:: TASK STATEMENT ::
Please give back only the lines below from the one containing "Winter landscape with" to the one containing "YANSTAR (10pcs) Wholesale", each repeated word for word, both ends included.

:: SOURCE MATERIAL ::

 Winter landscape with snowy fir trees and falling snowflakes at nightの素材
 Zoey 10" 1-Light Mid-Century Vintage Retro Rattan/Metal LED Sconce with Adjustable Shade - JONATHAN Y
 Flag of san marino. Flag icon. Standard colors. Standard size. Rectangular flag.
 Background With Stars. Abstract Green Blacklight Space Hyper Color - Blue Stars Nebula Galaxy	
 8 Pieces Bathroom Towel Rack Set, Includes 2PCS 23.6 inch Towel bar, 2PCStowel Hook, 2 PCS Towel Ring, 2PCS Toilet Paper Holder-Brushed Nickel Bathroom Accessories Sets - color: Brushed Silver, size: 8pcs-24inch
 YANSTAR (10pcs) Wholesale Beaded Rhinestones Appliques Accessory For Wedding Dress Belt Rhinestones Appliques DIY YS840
* * *
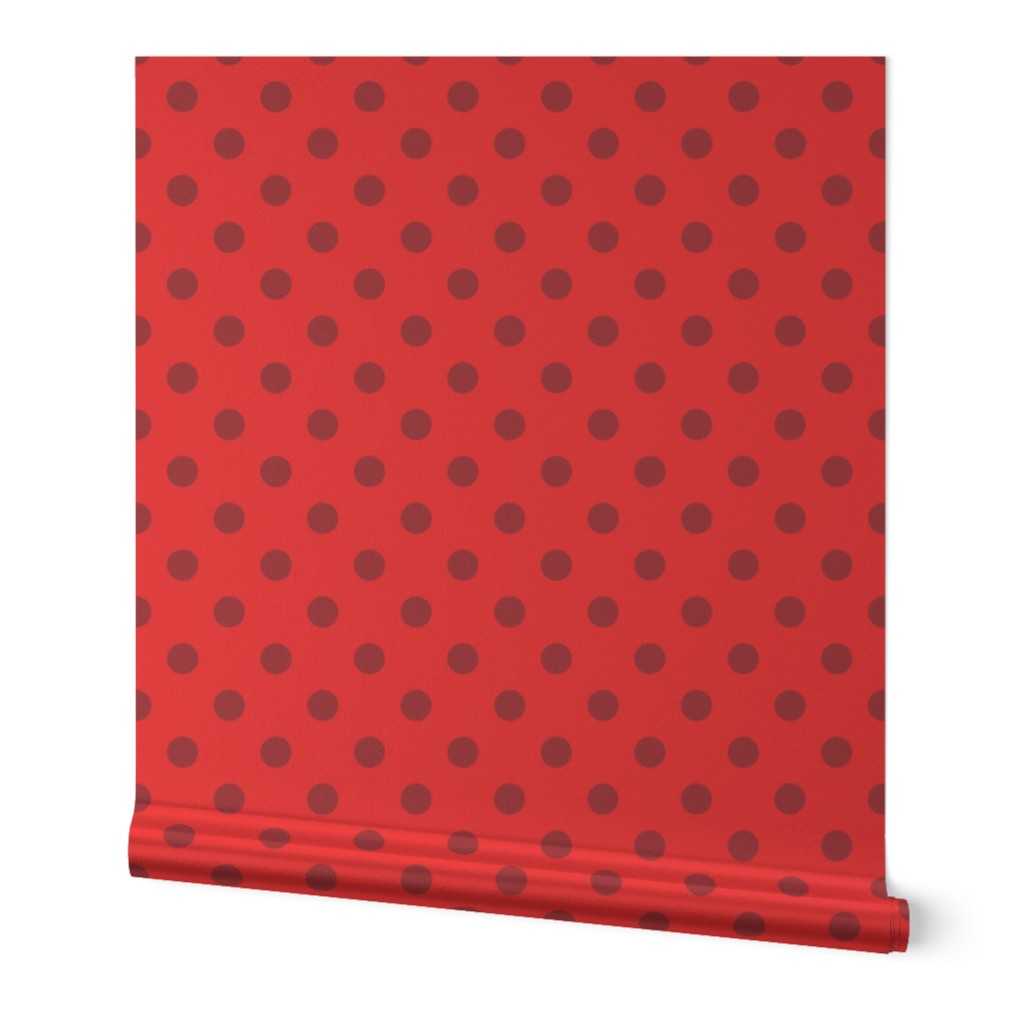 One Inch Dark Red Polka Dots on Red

:: EXERCISE OUTPUT ::
 Winter landscape with snowy fir trees and falling snowflakes at nightの素材
 Zoey 10" 1-Light Mid-Century Vintage Retro Rattan/Metal LED Sconce with Adjustable Shade - JONATHAN Y
 Flag of san marino. Flag icon. Standard colors. Standard size. Rectangular flag.
 Background With Stars. Abstract Green Blacklight Space Hyper Color - Blue Stars Nebula Galaxy	
 8 Pieces Bathroom Towel Rack Set, Includes 2PCS 23.6 inch Towel bar, 2PCStowel Hook, 2 PCS Towel Ring, 2PCS Toilet Paper Holder-Brushed Nickel Bathroom Accessories Sets - color: Brushed Silver, size: 8pcs-24inch
 YANSTAR (10pcs) Wholesale Beaded Rhinestones Appliques Accessory For Wedding Dress Belt Rhinestones Appliques DIY YS840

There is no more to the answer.